Primitive elements for $K=\Bbb{Q}(\sqrt{2},\sqrt{3})$ The key lemma for proving the primitive Element Theorem (for finite extension of a field $F$ with characteristic $0$) in Artin's Algebra (2nd edition) is the following:

Suppose $char F=0$ and $K=F(\alpha,\beta)$ is a finite extension of $F$. Then $F(\alpha,\beta)=F(\alpha+c\beta)$ for all but finitely many $c$ in $F$. 

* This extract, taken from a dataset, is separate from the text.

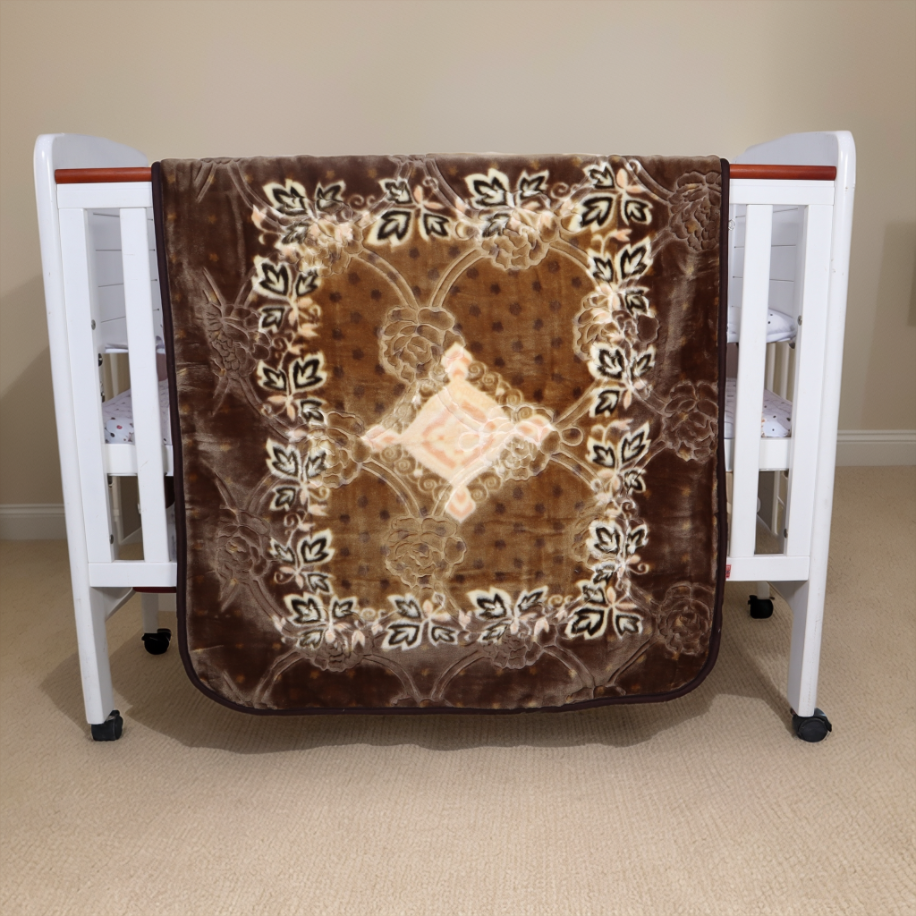 Baby Blanket Royal Embossed-Fudge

This does give the existence of primitive elements but not all of them. 
Consider $F=\Bbb{Q}$ and $\alpha=\sqrt{2}$ and $\beta=\sqrt{3}$. Suppose $Q(\sqrt{2},\sqrt{3})=\Bbb{Q}(\gamma)$. Then $\gamma$ must be of the form
$$
\gamma=c_1+c_2\sqrt{2}+c_3\sqrt{3}+c_4\sqrt{6},\quad c_i\in{\Bbb Q}. 
$$
Using the method in the proof of the lemma quoted above, one can find all the primitive elements of the form $\sqrt{2}+c\sqrt{3}$ where $c\in\Bbb{Q}$.

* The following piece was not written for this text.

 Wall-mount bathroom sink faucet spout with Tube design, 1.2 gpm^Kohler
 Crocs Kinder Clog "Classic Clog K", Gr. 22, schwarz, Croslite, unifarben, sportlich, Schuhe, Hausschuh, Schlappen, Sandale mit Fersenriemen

A quick search on Google returns the article of Primitive elements theorem, which says that

Generally, the set of all primitive elements for a finite separable extension $L / K$ is the complement of a finite collection of proper $K$-subspaces of $L$, namely the intermediate fields.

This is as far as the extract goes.